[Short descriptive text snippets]
╭──

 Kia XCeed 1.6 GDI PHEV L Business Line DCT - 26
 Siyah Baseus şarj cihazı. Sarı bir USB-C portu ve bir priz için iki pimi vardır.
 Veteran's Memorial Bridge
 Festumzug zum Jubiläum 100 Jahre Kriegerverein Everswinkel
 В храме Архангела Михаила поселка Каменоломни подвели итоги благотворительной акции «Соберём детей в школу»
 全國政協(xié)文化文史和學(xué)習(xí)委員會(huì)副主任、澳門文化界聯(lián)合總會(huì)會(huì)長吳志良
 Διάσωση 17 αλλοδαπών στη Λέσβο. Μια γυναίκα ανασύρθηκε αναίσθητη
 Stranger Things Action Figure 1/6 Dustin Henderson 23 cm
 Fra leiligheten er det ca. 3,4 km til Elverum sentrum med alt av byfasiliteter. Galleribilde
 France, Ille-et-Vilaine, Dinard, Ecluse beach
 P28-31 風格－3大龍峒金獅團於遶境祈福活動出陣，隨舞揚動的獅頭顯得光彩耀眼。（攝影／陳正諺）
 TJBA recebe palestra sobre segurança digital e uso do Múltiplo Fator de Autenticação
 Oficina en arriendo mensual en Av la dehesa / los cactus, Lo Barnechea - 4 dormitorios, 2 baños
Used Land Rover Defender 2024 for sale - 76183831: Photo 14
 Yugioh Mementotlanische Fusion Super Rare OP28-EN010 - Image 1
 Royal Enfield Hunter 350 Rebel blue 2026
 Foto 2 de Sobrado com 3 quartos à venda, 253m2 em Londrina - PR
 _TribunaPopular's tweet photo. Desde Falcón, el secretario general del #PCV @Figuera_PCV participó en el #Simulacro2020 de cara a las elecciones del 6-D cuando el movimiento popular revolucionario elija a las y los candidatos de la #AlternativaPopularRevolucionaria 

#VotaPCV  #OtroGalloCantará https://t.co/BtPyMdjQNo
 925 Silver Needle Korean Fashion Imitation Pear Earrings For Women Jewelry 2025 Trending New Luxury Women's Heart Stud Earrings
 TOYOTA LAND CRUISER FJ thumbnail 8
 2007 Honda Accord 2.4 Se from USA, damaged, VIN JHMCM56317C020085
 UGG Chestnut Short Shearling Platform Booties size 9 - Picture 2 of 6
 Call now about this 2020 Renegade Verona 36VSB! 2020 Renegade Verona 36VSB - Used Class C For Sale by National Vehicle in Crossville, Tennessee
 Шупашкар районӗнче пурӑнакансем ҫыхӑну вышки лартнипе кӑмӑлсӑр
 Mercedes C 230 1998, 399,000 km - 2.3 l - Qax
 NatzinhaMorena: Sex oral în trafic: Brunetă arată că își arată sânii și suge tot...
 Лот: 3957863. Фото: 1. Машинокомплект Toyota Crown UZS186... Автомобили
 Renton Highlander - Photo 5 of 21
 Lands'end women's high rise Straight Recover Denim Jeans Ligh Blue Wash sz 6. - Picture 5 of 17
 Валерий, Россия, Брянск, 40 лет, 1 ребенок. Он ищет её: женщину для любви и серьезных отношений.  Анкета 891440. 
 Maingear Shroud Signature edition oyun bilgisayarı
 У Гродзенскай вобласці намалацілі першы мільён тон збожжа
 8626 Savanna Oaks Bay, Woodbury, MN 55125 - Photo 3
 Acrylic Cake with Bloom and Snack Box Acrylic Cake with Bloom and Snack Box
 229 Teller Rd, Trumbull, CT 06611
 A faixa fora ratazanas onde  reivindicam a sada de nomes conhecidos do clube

╰──

- **Task prompt**: Only a number is expected here: the tally of lines above that contain "Used". Please write nothing more.

- **Solution to this exercise**: 2